**Activity**
Search the entries below for the string "Schwarz" and copy the lines that hold it.

Stored items
----

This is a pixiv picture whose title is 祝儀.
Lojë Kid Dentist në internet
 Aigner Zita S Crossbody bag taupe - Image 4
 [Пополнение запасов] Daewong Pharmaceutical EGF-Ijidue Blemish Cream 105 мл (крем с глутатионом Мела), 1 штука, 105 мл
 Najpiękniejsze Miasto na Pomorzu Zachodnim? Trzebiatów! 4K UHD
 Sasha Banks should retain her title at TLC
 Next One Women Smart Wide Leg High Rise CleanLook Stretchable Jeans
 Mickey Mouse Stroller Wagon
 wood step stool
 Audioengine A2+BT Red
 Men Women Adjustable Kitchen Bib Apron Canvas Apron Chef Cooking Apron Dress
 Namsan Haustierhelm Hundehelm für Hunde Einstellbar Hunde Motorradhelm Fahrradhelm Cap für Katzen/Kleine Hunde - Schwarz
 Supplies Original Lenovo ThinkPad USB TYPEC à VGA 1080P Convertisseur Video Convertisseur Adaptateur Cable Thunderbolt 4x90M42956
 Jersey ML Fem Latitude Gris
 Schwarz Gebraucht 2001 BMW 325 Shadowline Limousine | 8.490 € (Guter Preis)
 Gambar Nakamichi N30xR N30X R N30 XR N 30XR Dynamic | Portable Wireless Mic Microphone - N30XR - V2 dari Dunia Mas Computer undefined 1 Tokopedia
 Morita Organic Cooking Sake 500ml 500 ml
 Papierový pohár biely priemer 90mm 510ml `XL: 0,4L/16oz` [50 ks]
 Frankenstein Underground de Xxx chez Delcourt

----

**Response**
 Namsan Haustierhelm Hundehelm für Hunde Einstellbar Hunde Motorradhelm Fahrradhelm Cap für Katzen/Kleine Hunde - Schwarz
 Schwarz Gebraucht 2001 BMW 325 Shadowline Limousine | 8.490 € (Guter Preis)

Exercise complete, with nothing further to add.